● **Data for analysis**:
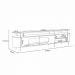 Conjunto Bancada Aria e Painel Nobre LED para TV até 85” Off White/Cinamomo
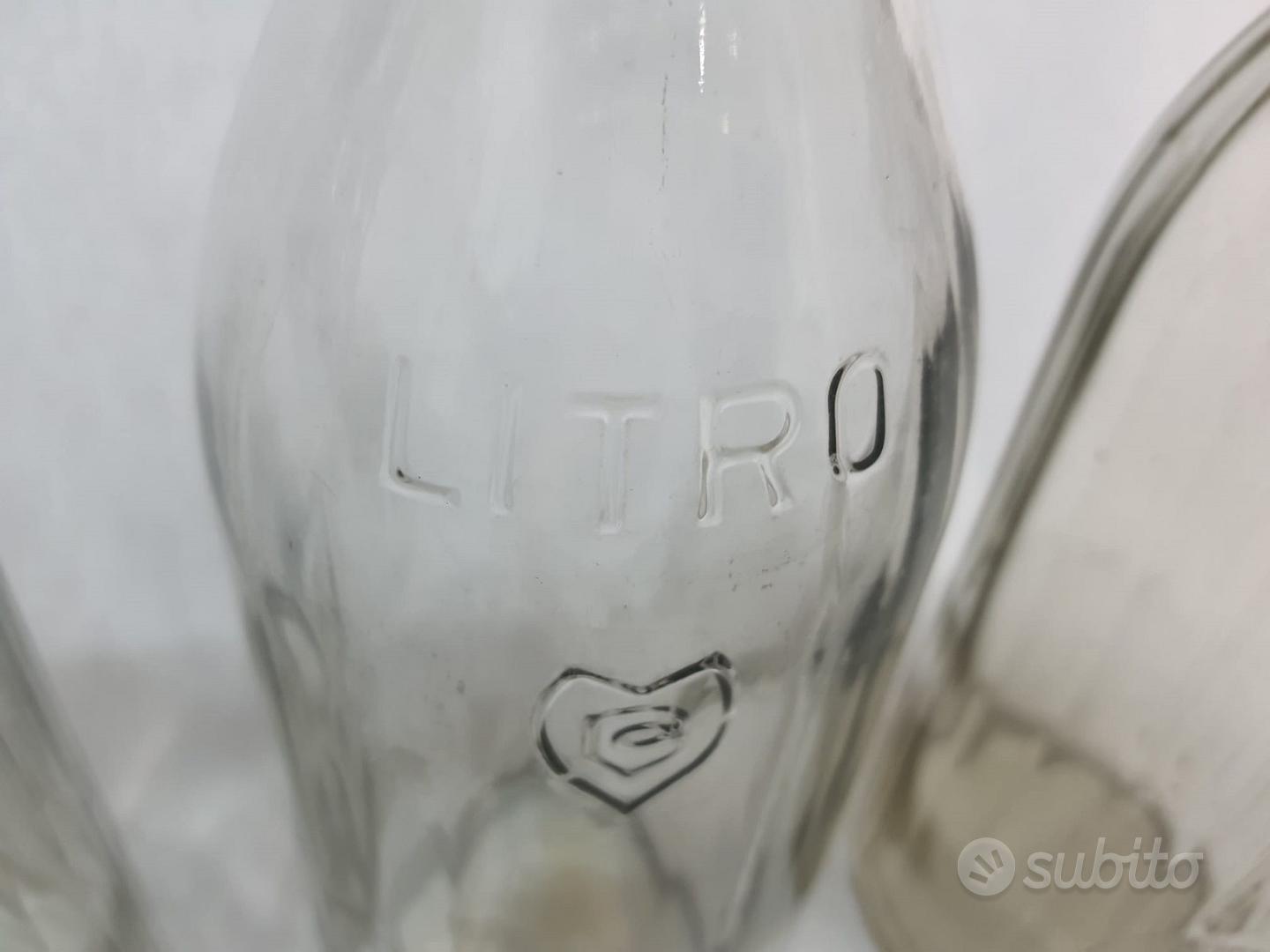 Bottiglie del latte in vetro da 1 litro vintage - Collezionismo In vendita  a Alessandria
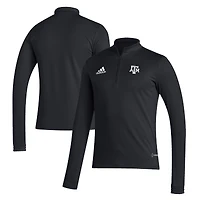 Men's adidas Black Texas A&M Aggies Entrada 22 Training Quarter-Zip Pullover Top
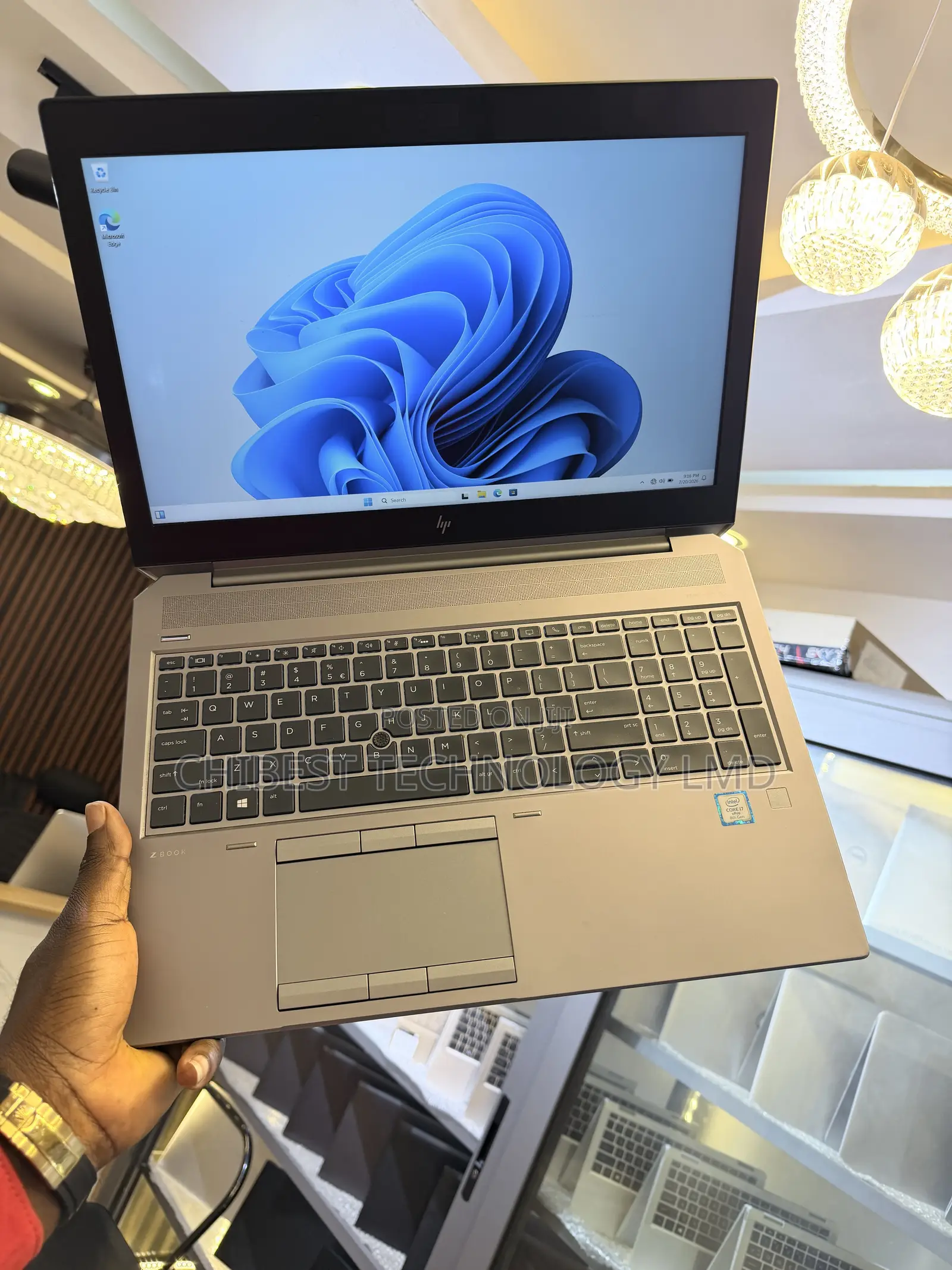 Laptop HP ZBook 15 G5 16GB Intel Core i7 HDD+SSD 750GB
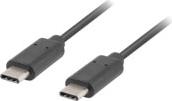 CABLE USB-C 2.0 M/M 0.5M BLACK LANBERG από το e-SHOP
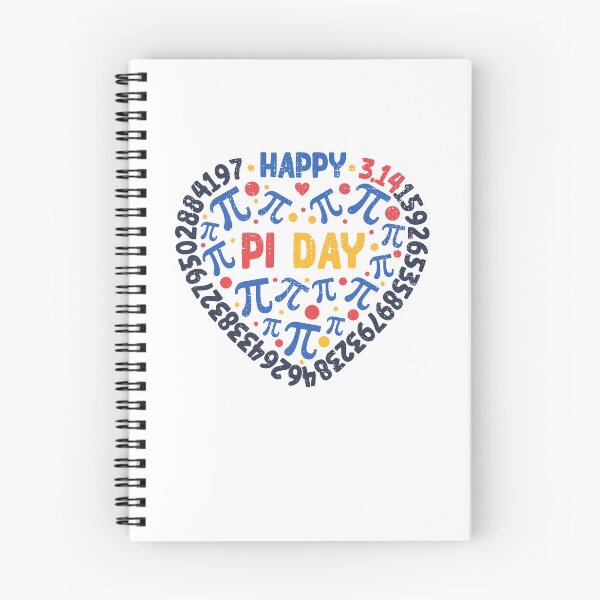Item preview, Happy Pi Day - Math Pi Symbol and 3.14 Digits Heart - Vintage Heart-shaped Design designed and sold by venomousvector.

● **Work item**: Please print the entries shown above again, exactly, and skip the pictures.

● **Result of this task**:
 Conjunto Bancada Aria e Painel Nobre LED para TV até 85” Off White/Cinamomo
 Bottiglie del latte in vetro da 1 litro vintage - Collezionismo In vendita  a Alessandria
 Men's adidas Black Texas A&M Aggies Entrada 22 Training Quarter-Zip Pullover Top
 Laptop HP ZBook 15 G5 16GB Intel Core i7 HDD+SSD 750GB
 CABLE USB-C 2.0 M/M 0.5M BLACK LANBERG από το e-SHOP
Item preview, Happy Pi Day - Math Pi Symbol and 3.14 Digits Heart - Vintage Heart-shaped Design designed and sold by venomousvector.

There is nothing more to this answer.